→ Information
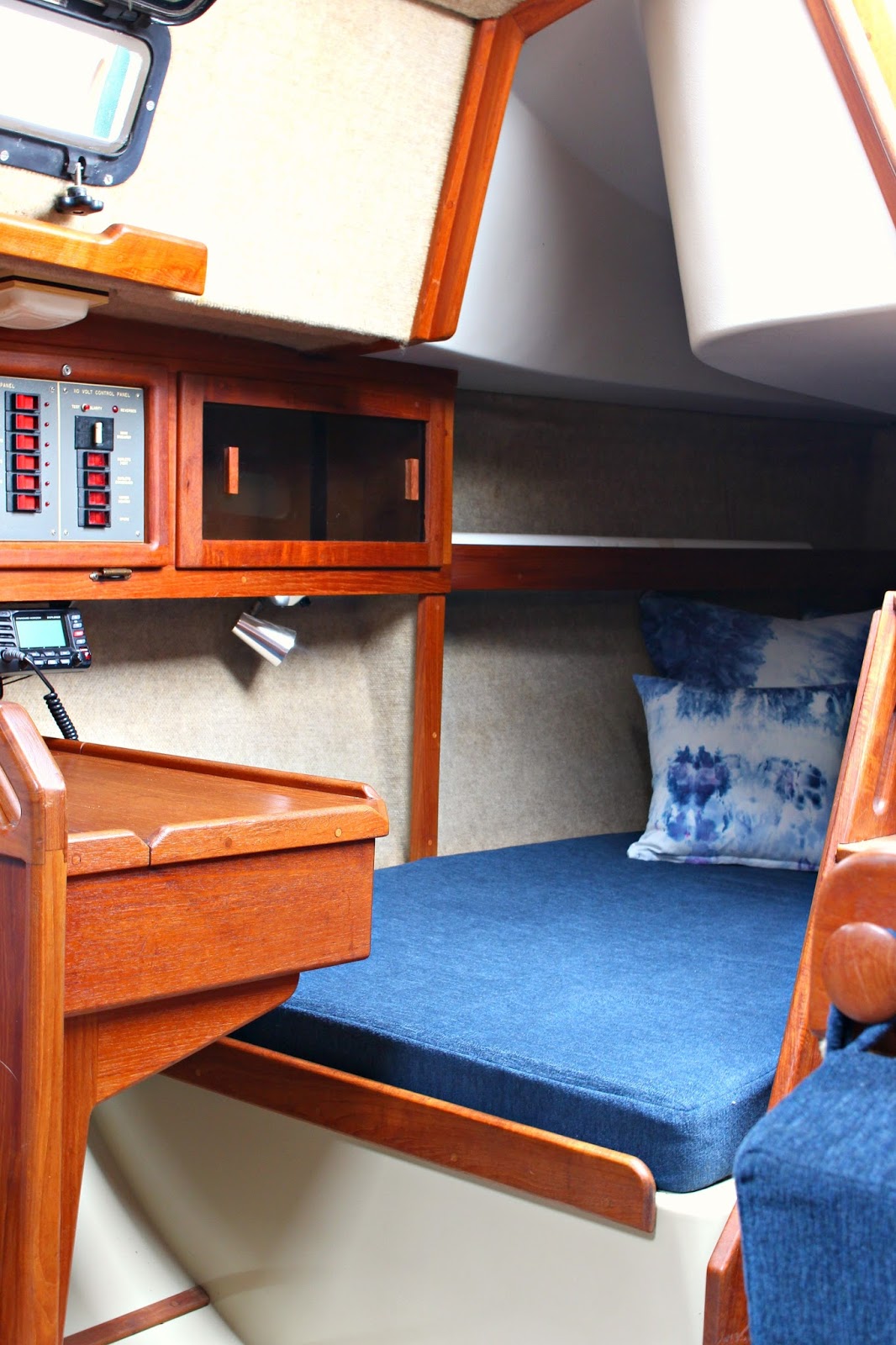 Teak Ticon 30 Tour the Before and After of This Updated Ticon 20 Sailboat @danslelakehouse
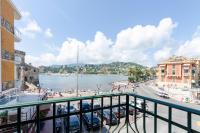 B&B Rapallo - LA CASA ROSA AL MARE- Vista mare- Centrale a 20 mt dal mare-Garage privato- aria condizionata-wifi - Bed and Breakfast Rapallo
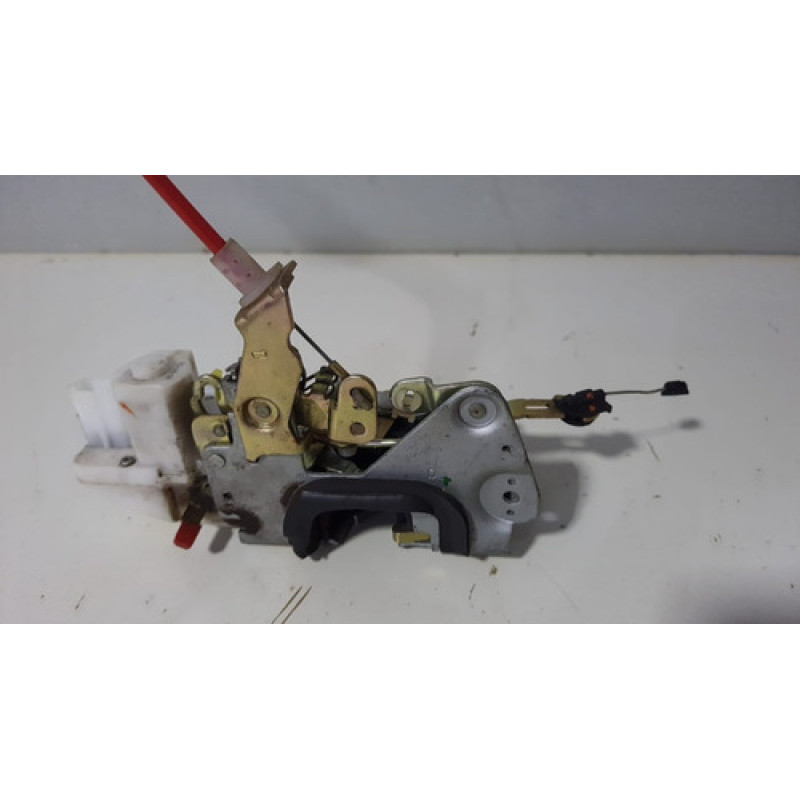 Fechadura Elétrica Porta Traseira Direita Fox 2004/2008 Fechadura Elétrica Porta Traseira Direita Fox 2004/2008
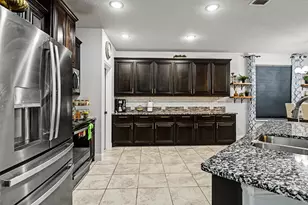 10224 Wild Berry Dr, Fort Worth, TX 76131 - Photo 16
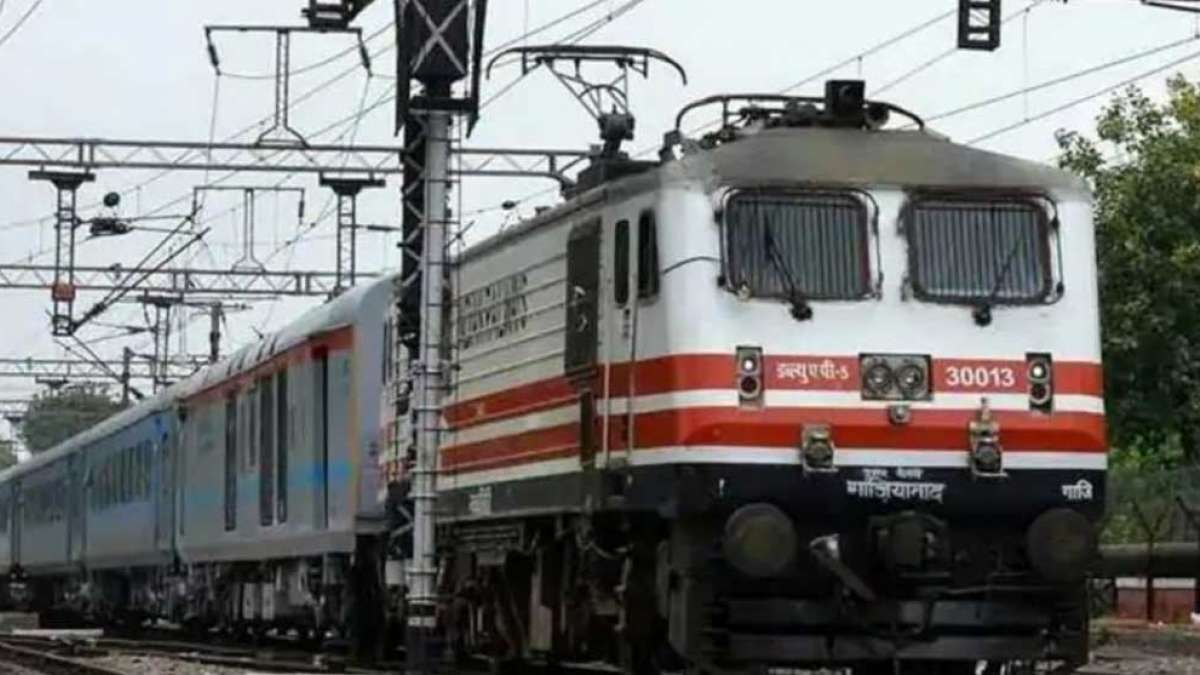 Indian Railways drops 'massage' service on train proposal Indian Railways drops 'massage' service on train proposal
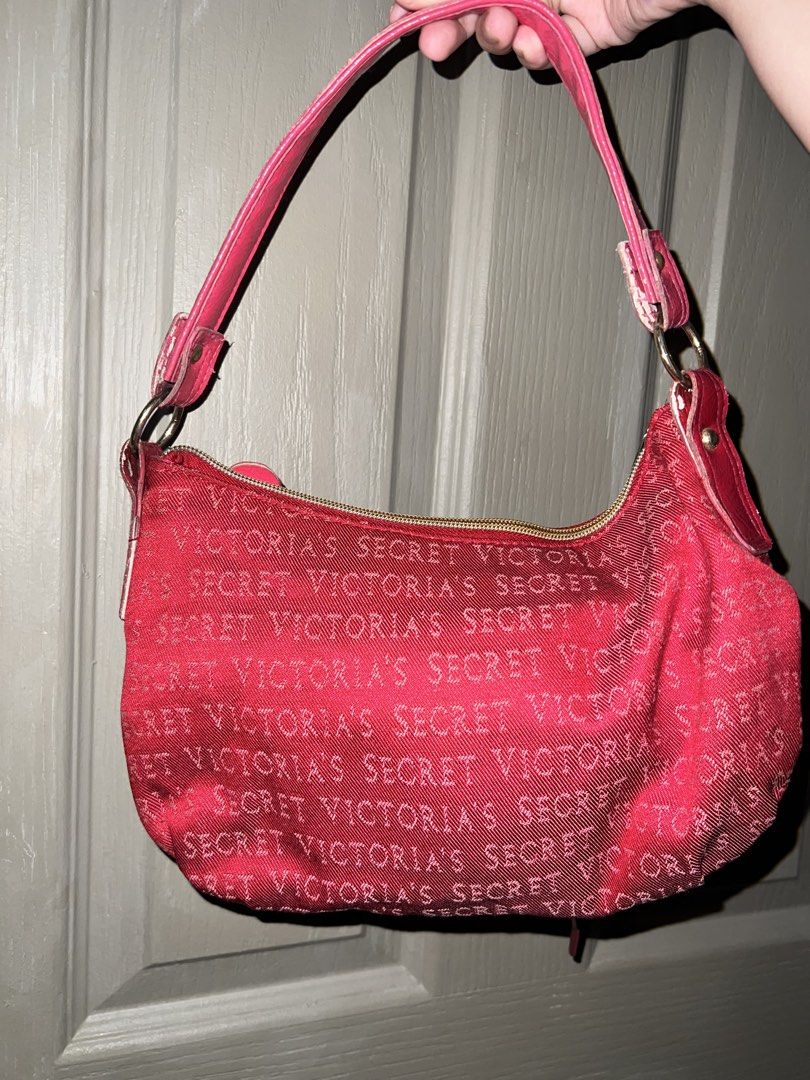 VICTORIA SECRET SUMMER BAG (Category: Beach Bags) located in Bulacan. Submitted by sgnzj (Listing ID 1469655900, Image 2). Description: MINIMAL COLOR TRANSFER ZIPPER ARE WORKING ALL GOODS AND FUNCTIONAL INSIDE VERY SPACIOUS AND GOOD AS SUMMER BAG .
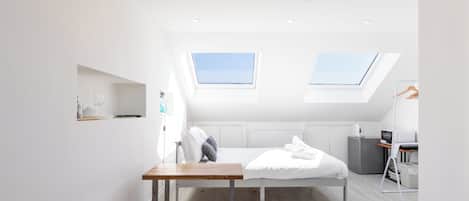 Iron/ironing board, internet, bed sheets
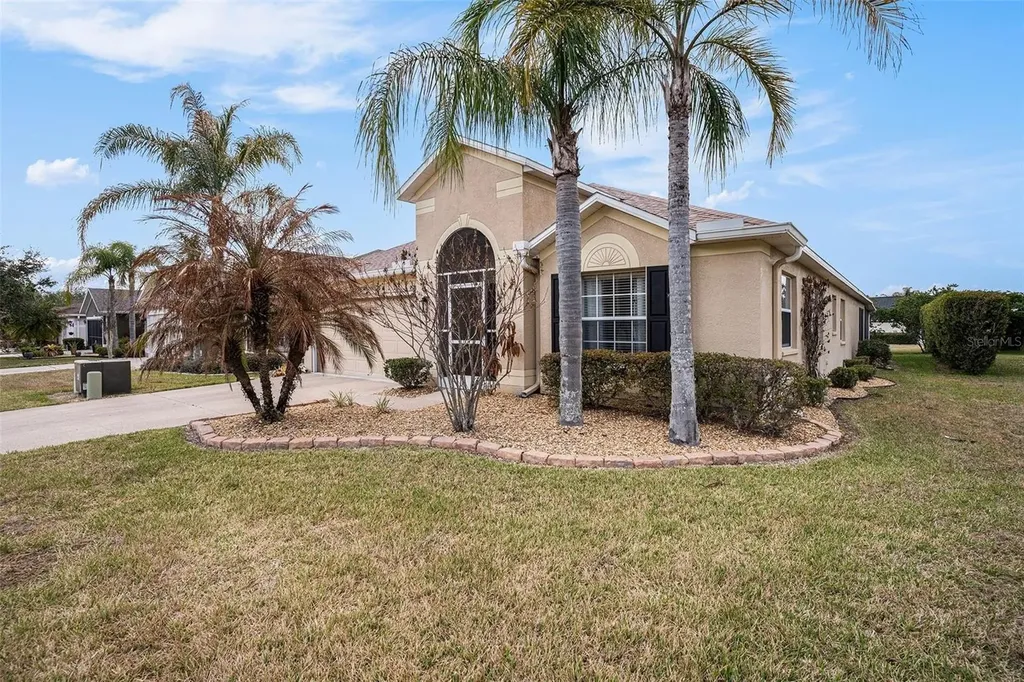 9524 Rolling Circle San Antonio FL 33576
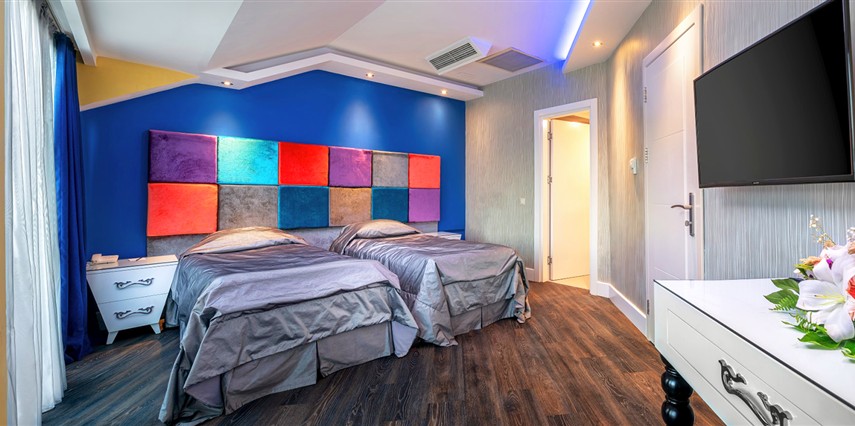 Rox Resort Kemer Hotel 4 Gece 5 Gün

→ Work instructions
Repeat exactly and only the lines from the start of the data above through the line that holds "Fox 2004/2008 Fechadura", inclusive. Pictures do not belong in the copy.

→ Task response
 Teak Ticon 30 Tour the Before and After of This Updated Ticon 20 Sailboat @danslelakehouse
 B&B Rapallo - LA CASA ROSA AL MARE- Vista mare- Centrale a 20 mt dal mare-Garage privato- aria condizionata-wifi - Bed and Breakfast Rapallo
 Fechadura Elétrica Porta Traseira Direita Fox 2004/2008 Fechadura Elétrica Porta Traseira Direita Fox 2004/2008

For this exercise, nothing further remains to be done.